# DIRECTIONS
The required output is the stretch from the line containing "Aromatic candle on" through the line containing "a bathroom with" in the records below, unaltered and with no pictures.

# DATA EXTRACTS
-*-

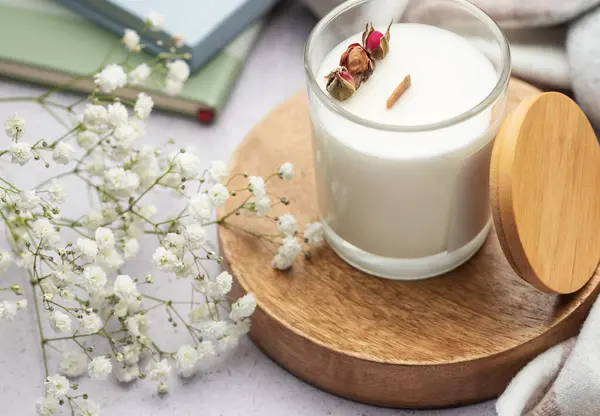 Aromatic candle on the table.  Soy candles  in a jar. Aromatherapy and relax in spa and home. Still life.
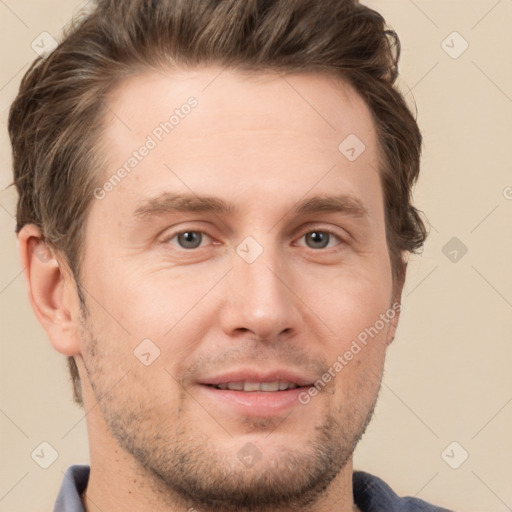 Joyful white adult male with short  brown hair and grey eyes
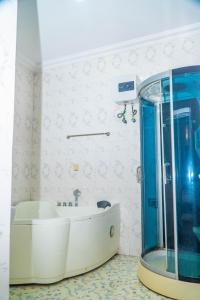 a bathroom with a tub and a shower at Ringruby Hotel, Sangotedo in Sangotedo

-*-

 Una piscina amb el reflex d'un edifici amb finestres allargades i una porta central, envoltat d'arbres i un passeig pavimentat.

-*-

# ANSWER TO THIS TASK
 Aromatic candle on the table.  Soy candles  in a jar. Aromatherapy and relax in spa and home. Still life.
 Joyful white adult male with short  brown hair and grey eyes
 a bathroom with a tub and a shower at Ringruby Hotel, Sangotedo in Sangotedo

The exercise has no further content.